Cometh the "Semantic Web", cometh "Semantic Attacks"...
By davew on May 04, 2007
As Alec blogged the other day, blogging and other Web 2.0-ish things can really help an organisation's reputation for openness, honesty and responsiveness in the wider world. They can also wreck it just as easily.
A while back, I blogged some thoughts about security in this kind of space; I stated that availability is probably the main aim of organisations providing these kinds of capabilities as public services, and I still think this stands.
We've seen how YouTube has had some issues with the Brazilian and Turkish governments, in the last few months. From a service perspective, the posters of the respective videos successfully perpetrated semantic-level denial-of-service attacks; to Brazilian and Turkish users YouTube was effectively down, so in all probability they went and posted their video clips elsewhere, for the duration.
YouTube and Picasa have a usage model whereby uploaded content can be reported by viewers as inappropriate; if such reports need to be verified by people at the provider end (and they probably do, given that a further semantic attack would be to lodge a complaint against some material which was perfectly above-board), we have a scalability problem in terms of requirements for analysis.
Alec also mentioned the fact that a certain hex string is turning up all over Digg; I'm seeing it turning up in a number of the blogs I read, also. Now that the AACS have expired this string so that new content is encoded somewhat differently, it makes the question academic but nonetheless interesting regarding what - if anything - they could do to monitor its proliferation.
In the Brazilian YouTube case, the main issue was not just that a video of a Brazilian starlet cavorting with her boyfriend while not wearing very much had been uploaded, but that numerous copies of it had been uploaded under different filenames. This made me think of a couple of things about file digests.
Given a file foo, what other stored files are copies of it?
Addressing storage by content should (in theory) be as simple as holding digests of files as well as the files themselves (which ZFS could theoretically do; or a suitable BART manifest could be constructed on the fly at scan time), and then doing a sort|uniq on the result.

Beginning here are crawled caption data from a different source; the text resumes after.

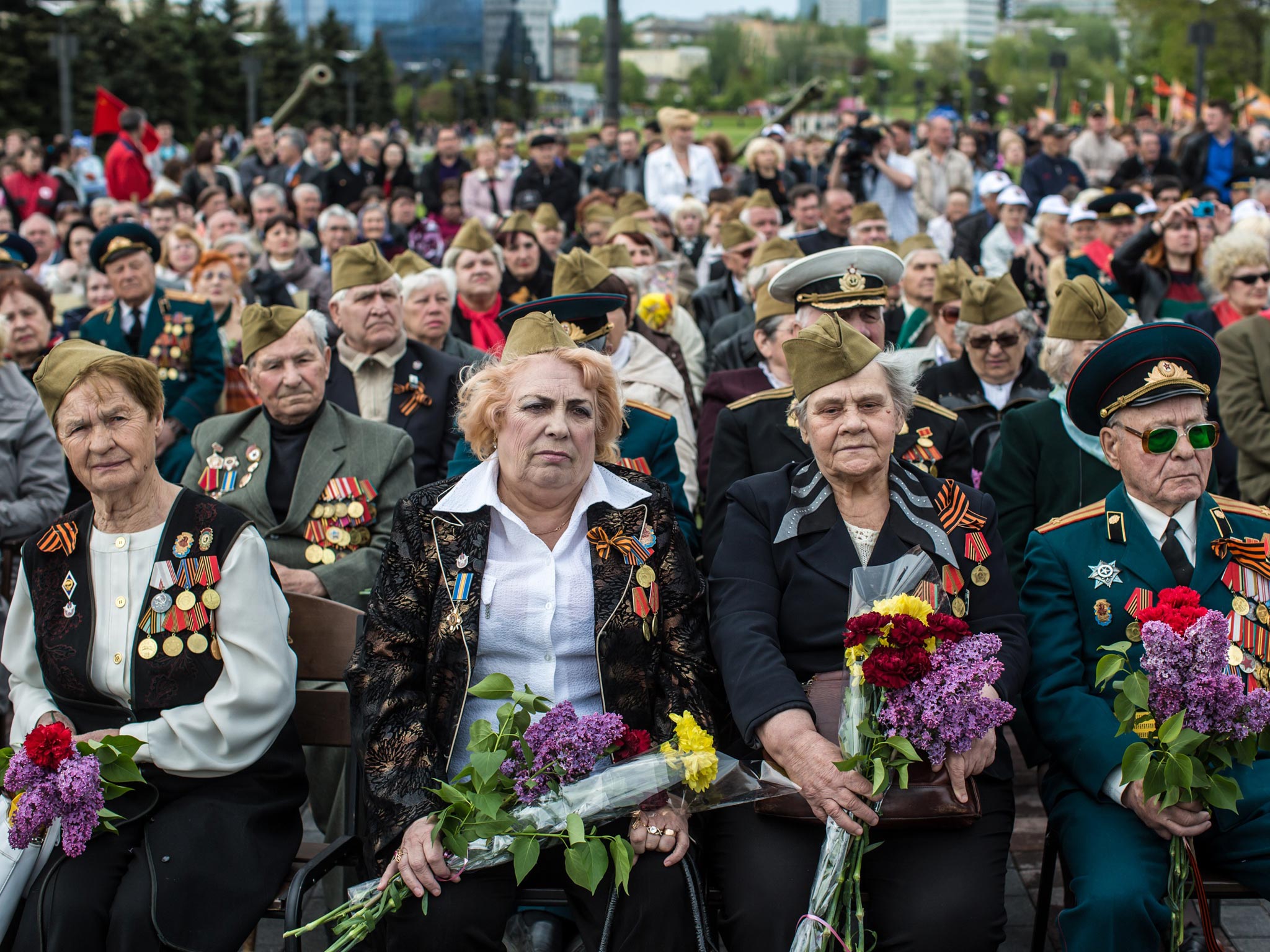 War veterans at a ceremony marking Victory Day in Donetsk yesterday (Getty Images)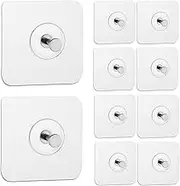 Ginmino Reusable Adhesive Wall Hooks 13.5lbs(Max) Transparent , Waterproof and Oilproof For Bathroom Kitchen Heavy Duty 10 Pack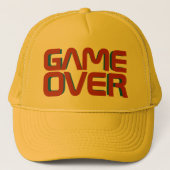 Game over spelspelspelspelerstijl geel trucker pet (Voorkant)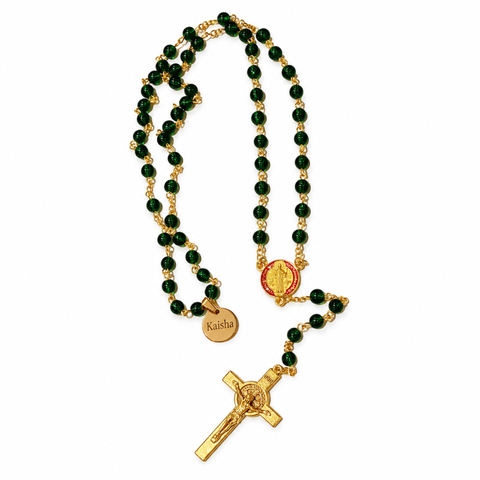 St. Benedict Personalized Rosary with Emerald Green Glass Beads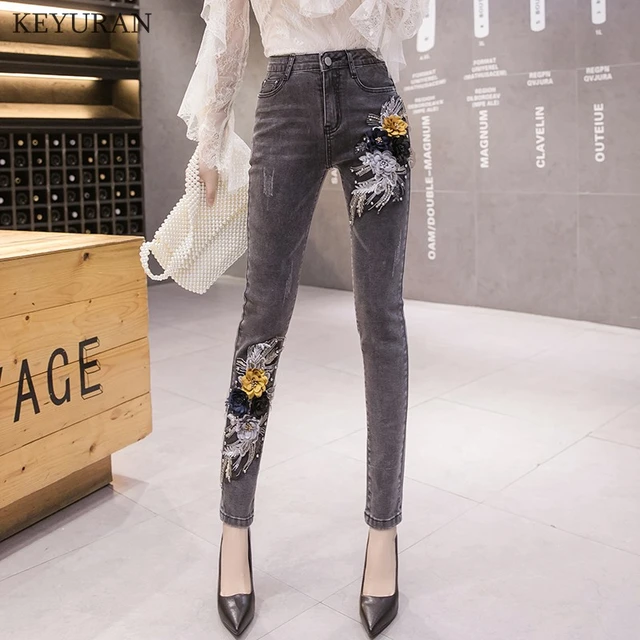 Women 3D Floral Applique Jeans 2021 Flower Embroidery Beading Long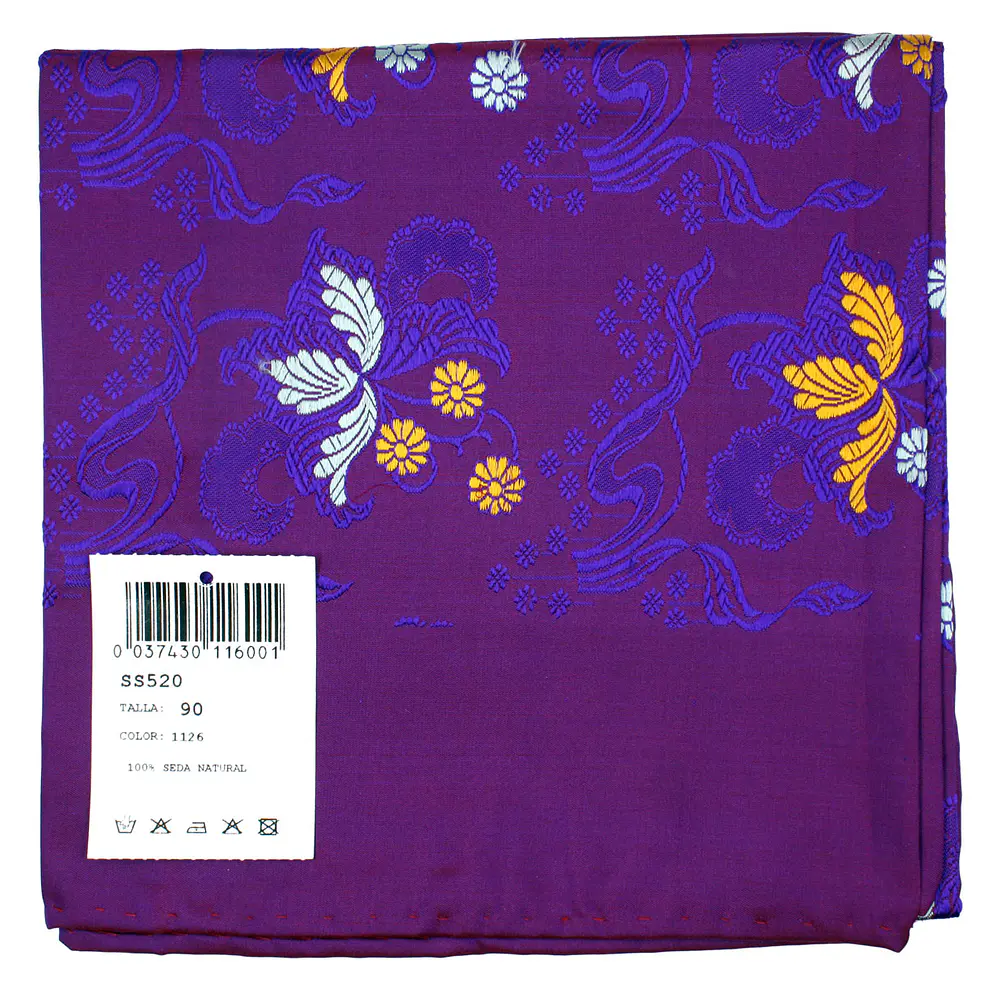 Pañuelo de Seda Espolinada 90 cm – Indumentaria Popular de Categoría Superior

If the digests can be pulled into an area which is either unencrypted or encrypted with a key different to any user's key, and those digests are updated by some cron job when users are logged in or by an extra hook in the login / logout mechanisms (I just realised that this is one exception to the rule of keeping data and metadata together - however unsigned digests are easy to reconstruct in any context, so we can get away with it), it will be possible to do some kind of compare (although not time-synched) with the content of other users' home directories, even if those home directories are stored encrypted.

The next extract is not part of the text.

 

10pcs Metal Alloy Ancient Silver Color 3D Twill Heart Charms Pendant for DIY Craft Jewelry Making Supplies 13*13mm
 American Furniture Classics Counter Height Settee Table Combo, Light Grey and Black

Given a file foo or a digest of it, how can I prove easily that I have no other copies of it?
If a bunch of this content has made its way onto a system's accessible storage, then all that storage needs to be swept to ensure that no copies of the illegal files remain. Holding a central repository of digests for all files available to the system makes this straightforward - for filesystems held as cleartext, this could even be done most efficiently on RAID controllers provided there was a way for such entities to communicate with eachother over NFS or FC (OK, doing it in the host is probably simpler!).

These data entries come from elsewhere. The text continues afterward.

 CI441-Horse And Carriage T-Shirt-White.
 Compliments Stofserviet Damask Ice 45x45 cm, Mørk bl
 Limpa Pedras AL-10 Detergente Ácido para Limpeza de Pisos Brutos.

Given a a file foo or a digest of it, can I prove that I have never had a copy of it?
Again, this is great when your friendly local law enforcement officials start asking questions about illegal files that they think might have spread to your organisation. If digest files are integrated into an archive solution so that digests of files are retained even when the file has been deleted (ie, WORM the digests but not the content), then a search through the digest archives should act as conclusive proof (although the digest files will themselves probably need to be signed) that a file hasn't passed through the system.
For text such as "that hex string", simple greps rather than digests work best; however for images, and especially movies, greps and digests are likely to have problems. Changing even one pixel in an offending image or movie would result in a completely different digest, so techniques such as geo-temporal indexing would have to be used, effectively resulting in "pattern-matching blacklists for video".
There's a bunch of guys up in York who could do this, and whose hardware accelerators are designed for our kit - see http://www.cybula.com/.
If approaches such as these can reduce the duration of outages caused by semantic attacks, I'm sure that the larger service providers will be interested...